Mets lose 7th in a row despite gem from Nolan McLean; Dodgers' Yoshinobu Yamamoto dominates

Dodgers starting pitcher Yoshinobu Yamamoto runs to the dugout after the third out against the Mets in the first inning on Tuesday, April 14, 2026, in Los Angeles, Calif. Credit: Getty Images/Ronald Martinez
LOS ANGELES — The baseballs spun and swerved: Splitters that disappeared from the strike zone at the last moment, sweepers broke nearly 20 inches, and curveballs that moved in ways that haven’t been since baseball began tracking spin rate.
It was Yoshinobu Yamamoto, trying to continue the Dodgers’ string of dominance, and Nolan McLean, once again trying to play stopper for a Mets team that refuses to hit for him (and recently, for anyone else on the mound).
It didn’t matter.
The Dodgers outlasted McLean, cobbling together a run against Brooks Raley in the eighth inning as they beat the Mets, 2-1, at Dodger Stadium for the Mets’ seventh straight loss on Tuesday night.
“The urgency level is really high,” Francisco Lindor said. McLean “did a really good job. He kept us in the game. He gave us quick innings, chances for us to score, gave us the momentum and we didn’t capitalize on it. It’s one of those [where] you wish you could have gotten it done for him.”
Raley walked pinch hitter Miguel Rojas to lead off the eighth; Rojas moved to second on a sacrifice bunt to bring up Shohei Ohtani, who was walked intentionally. That, though, meant Raley would have to face lefty Kyle Tucker, who blooped a single over Bo Bichette’s head with the go-ahead run.
Alex Vesia needed only 10 pitches to strike out the side of Jorge Polanco, Bichette and Francsico Alvarez in the ninth, and only two were in the strike zone. Combined, they swung through seven pitches out of the zone. The Mets have scored one run in the last 29 innings.
“Ultra aggressive and we just went out of the strike zone,” manager Carlos Mendoza said. “We chased. It’s hard to score in situations like that.”
McLean was nothing less than stellar: He allowed one run and two hits with two walks and eight strikeouts over seven. Yamamoto, meanwhile, went 7 2/3 innings, allowing a run, four hits and a walk with seven strikeouts.
“Yamamoto was pretty nasty but Nolan was pretty nasty, too,” Mendoza said. “They went head to head. It was inning after inning, batter after batter, pitch after pitch. They really made it tough on hitters. It sucks losing that one, especially when you get that type of outing.”
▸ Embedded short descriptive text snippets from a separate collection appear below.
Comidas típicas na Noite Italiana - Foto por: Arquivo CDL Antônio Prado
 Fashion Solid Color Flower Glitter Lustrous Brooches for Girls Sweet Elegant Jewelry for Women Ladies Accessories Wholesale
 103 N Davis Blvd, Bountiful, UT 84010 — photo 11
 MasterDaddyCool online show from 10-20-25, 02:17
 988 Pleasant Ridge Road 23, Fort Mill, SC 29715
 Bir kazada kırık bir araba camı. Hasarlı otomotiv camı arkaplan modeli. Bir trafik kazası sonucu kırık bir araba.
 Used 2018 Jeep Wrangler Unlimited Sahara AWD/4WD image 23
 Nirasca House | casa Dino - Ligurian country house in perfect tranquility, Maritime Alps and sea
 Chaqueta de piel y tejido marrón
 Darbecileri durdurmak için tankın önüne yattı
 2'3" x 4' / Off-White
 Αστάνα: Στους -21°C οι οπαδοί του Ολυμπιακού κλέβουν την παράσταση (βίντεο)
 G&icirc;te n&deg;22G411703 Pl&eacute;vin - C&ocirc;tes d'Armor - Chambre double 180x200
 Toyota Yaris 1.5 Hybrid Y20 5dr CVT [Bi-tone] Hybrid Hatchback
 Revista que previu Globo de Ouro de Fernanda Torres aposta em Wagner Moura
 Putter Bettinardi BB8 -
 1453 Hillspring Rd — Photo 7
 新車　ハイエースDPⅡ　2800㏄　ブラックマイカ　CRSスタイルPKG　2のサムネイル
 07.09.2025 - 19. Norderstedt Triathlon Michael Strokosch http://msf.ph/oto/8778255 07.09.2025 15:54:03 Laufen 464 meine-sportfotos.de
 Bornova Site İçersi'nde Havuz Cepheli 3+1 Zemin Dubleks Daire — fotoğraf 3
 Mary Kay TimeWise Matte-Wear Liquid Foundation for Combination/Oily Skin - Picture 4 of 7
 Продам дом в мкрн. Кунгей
The Mets’ sole run came in their first at-bat. Lindor, batting .176 coming in, teed off on Yamamoto’s third pitch, a grooved fastball that he rocketed 402 feet to right for his first homer of the year.
The Dodgers, though, got that run back in the bottom of the inning. Tucker walked with one out and Will Smith lined McLean’s inside sinker to left, just past the glove of a diving Carson Benge, putting runners at second and third. Freddie Freeman’s groundout brought the run home.
McLean looked nearly untouchable after that, retiring 13 straight (and striking out the side in the fourth) before walking Hyeseong Kim with two outs in the fifth.
Yamamoto retired 20 straight Mets before they put together a glimmer of a rally in the seventh. Bichette laced a two-out double to left and Francisco Alvarez walked to bring up Brett Baty. Baty, though, swung through a splitter that dropped out of the zone for strike three.
The Mets, though, got another shot in the eighth. This time, it was Benge with a two-out single. Lindor then poked a ball past a diving Freeman at first, putting runners at the corners for Luis Robert Jr. and ending Yamamoto’s day at 104 pitches.
Lindor stole second with Blake Treinen in to pitch, and Robert worked the count full before he took a sweeper that nicked the bottom of the zone for strike three.
McLean was pulled after 95 pitches. And that, it turns out, was all the advantage the Dodgers needed.
“We’re not going to just sit here and say, ‘we’ll get them, we’ll get them, we’ll get them,’ ” Lindor said. “We are trying to win. It’s just a matter of time. We’ve got to get it done.”
Notes & quotes: Jared Young experienced left knee discomfort Sunday and underwent imaging, though the Mets hadn’t received the results as of Tuesday afternoon. A stint on the injured list is possible, Mendoza said ... Reliever Joey Gerber was placed on the 15-day injured list with a right finger blister. Righty Austin Warren was recalled from Triple-A Syracuse.